PROBLEM:
The answer must consist of every line below that holds the word "Drive".

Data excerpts
---

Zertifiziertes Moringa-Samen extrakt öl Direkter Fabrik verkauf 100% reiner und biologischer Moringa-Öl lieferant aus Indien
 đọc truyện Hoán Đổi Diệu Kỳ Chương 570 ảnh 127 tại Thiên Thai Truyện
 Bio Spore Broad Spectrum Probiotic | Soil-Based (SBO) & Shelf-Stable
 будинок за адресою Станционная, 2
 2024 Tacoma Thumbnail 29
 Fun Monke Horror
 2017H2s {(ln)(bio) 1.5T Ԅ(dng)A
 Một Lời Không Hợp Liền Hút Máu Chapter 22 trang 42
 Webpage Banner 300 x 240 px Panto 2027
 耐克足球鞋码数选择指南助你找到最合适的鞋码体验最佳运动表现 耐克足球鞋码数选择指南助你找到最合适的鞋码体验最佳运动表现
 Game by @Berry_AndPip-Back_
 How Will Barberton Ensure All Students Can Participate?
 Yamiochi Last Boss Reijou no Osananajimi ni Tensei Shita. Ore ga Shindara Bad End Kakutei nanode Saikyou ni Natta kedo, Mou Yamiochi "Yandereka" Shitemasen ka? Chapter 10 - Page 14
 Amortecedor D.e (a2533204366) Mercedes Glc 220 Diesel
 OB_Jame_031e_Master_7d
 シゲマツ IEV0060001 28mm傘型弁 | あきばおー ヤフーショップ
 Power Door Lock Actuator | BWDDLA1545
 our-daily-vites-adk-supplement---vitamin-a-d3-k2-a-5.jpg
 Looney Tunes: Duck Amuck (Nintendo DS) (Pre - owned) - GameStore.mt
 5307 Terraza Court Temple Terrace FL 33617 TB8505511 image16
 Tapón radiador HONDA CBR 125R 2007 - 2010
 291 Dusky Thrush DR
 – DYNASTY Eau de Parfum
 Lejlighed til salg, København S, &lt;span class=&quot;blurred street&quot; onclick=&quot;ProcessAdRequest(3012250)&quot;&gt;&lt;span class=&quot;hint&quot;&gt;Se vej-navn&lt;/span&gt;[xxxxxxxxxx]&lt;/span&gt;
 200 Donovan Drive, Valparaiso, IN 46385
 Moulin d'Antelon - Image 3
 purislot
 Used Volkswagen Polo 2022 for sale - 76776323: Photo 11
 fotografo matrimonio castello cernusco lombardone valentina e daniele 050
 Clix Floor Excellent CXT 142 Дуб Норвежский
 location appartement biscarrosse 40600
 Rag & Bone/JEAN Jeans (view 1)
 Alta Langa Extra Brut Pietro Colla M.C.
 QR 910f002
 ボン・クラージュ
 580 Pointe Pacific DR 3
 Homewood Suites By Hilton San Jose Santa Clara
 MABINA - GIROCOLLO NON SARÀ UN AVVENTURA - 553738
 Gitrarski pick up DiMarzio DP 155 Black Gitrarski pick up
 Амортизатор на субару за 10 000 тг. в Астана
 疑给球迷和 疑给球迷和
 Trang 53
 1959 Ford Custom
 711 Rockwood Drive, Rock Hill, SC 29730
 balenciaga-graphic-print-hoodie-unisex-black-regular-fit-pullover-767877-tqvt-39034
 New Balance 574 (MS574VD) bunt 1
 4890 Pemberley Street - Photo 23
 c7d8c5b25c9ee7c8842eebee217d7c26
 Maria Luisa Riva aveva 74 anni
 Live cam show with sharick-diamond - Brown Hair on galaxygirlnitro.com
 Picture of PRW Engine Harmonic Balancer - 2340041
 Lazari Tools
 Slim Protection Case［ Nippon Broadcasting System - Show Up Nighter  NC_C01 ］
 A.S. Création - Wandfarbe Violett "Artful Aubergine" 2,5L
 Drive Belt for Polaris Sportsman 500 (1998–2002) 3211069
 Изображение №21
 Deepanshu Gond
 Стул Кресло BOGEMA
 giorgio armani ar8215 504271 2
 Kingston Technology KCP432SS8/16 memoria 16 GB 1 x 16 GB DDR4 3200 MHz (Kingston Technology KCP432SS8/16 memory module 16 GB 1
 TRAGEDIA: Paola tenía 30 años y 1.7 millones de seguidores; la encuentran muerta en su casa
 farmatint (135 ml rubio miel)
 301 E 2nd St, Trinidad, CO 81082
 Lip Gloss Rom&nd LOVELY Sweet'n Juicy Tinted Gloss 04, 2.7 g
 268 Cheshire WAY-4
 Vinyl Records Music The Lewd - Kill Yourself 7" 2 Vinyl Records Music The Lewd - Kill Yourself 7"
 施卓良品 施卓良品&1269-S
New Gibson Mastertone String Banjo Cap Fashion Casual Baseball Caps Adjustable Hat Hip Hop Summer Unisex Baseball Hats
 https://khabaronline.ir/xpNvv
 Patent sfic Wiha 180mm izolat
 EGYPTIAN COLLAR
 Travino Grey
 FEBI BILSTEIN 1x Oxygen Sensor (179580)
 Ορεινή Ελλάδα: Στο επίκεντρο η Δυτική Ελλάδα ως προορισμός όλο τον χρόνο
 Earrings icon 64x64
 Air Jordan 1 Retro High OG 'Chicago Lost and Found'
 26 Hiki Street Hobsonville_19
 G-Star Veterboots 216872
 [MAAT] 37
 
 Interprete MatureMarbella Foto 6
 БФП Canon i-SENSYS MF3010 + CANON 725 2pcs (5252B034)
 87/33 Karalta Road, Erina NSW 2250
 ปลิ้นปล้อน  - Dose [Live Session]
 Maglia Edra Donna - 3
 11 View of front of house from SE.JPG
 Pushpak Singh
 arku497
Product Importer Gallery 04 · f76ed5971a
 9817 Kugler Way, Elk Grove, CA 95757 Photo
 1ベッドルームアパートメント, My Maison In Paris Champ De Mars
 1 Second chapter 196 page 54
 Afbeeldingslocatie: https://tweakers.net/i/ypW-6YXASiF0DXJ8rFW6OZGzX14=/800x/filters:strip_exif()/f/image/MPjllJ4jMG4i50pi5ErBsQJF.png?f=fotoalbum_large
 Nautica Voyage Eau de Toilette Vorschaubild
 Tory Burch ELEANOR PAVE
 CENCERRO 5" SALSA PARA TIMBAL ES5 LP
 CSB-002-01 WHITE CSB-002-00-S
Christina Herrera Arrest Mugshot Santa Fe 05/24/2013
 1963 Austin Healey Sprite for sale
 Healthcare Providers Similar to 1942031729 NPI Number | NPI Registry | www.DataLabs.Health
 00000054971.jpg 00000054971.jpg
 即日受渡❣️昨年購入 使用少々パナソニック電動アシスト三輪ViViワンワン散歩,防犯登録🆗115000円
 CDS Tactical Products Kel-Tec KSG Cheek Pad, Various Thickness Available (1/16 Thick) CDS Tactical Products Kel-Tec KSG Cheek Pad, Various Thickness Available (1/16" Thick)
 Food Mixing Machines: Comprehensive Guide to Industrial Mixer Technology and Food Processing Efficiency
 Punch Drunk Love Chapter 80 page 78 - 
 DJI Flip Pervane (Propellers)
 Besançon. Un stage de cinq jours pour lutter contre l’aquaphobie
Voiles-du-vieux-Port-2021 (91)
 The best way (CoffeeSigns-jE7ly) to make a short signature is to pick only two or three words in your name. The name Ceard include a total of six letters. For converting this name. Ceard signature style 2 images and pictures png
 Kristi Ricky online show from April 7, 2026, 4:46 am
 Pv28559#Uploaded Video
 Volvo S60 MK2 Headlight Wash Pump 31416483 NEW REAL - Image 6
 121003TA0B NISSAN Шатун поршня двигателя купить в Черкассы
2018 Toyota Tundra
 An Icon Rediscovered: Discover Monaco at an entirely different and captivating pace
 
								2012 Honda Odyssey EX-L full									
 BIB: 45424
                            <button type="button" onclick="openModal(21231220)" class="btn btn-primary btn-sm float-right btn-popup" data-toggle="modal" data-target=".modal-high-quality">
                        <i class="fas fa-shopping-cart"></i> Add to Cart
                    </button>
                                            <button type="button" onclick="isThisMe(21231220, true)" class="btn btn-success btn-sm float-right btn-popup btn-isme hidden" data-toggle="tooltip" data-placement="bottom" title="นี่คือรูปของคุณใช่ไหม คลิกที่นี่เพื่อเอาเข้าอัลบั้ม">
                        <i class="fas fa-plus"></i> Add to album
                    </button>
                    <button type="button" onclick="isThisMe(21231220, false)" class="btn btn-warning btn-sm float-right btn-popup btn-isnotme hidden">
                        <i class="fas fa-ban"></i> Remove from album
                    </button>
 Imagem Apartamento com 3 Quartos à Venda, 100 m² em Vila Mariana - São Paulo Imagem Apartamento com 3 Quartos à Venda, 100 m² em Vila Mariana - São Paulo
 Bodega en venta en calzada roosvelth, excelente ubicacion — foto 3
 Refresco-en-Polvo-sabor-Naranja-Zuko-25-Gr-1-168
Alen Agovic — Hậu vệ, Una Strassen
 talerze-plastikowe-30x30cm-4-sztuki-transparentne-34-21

---

SOLVED EXERCISE:
 200 Donovan Drive, Valparaiso, IN 46385
 711 Rockwood Drive, Rock Hill, SC 29730
 Drive Belt for Polaris Sportsman 500 (1998–2002) 3211069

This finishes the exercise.